Después de todo Nicolino no era solo un boxeador, era el orgullo de un país que sabe agrandar a sus héroes y hacerlos sentir semidioses y que, a diferencia del nuestro, jamás los abandona. El segundo combate fue distinto, Pambelé era el flamante campeón mundial Welter Junior, le había enseñado a un país quejumbroso que se podía ganar y el país lo adoraba. Atrás quedaban escritores, políticos y algunas mediocres glorias deportivas. Pambelé había ido más allá. Sí, desde Palenque, Chambacú y finalmente Venezuela, habían lanzado un brillante cohete negro hacia las estrellas y Nicolino tuvo la desgracia de atravesarse en su camino. Pambelé lo destrozó, hizo que llamarlo “El Intocable” resultara un chiste. Nicolino necesitó ocho cirugías para que su familia pudiera reconocerlo y Argentina supo, mucho antes del 5 a 0, que existía un país llamado Colombia y había que tener cuidado.

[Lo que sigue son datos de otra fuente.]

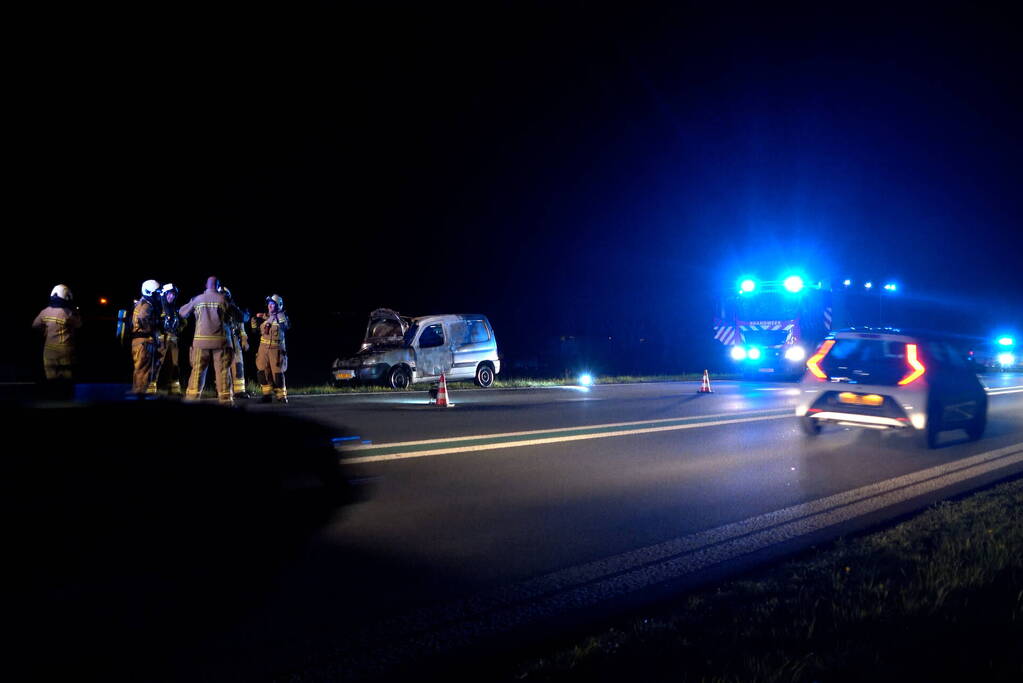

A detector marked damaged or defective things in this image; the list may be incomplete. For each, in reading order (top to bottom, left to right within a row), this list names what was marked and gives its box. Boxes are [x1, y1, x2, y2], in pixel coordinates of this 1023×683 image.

burned-out van [332, 310, 500, 390] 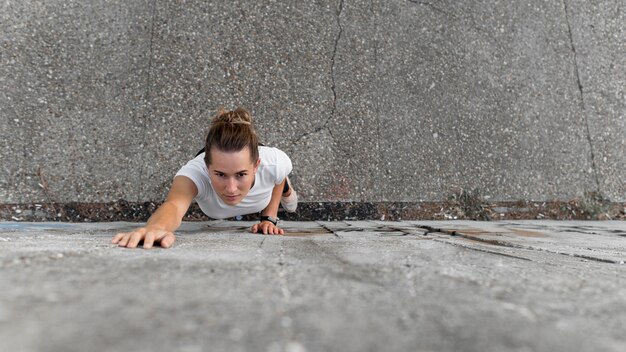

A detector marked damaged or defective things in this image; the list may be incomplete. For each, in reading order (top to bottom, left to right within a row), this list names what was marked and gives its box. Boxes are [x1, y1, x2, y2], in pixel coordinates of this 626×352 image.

cracked concrete surface [1, 221, 624, 350] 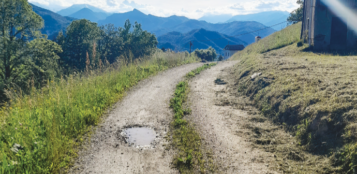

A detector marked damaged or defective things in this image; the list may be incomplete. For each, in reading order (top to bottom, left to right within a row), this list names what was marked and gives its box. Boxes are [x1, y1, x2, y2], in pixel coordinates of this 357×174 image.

pothole [120, 127, 156, 147]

Pambelé había cruzado la línea y pudo sintetizar su experiencia en una frase que retumba en la memoria colectiva con mayor fuerza que cualquier literatura: Es mejor ser rico que pobre. Él lo supo y lo sabe ahora que recorre las calles de Cartagena como un zombie, ahora que es usado, e incluso se le paga a veces por ello, apenas como símbolo o referencia en películas, videos y canciones. “Tiempo”, dice Manuel. Ocho minutos no duran para siempre.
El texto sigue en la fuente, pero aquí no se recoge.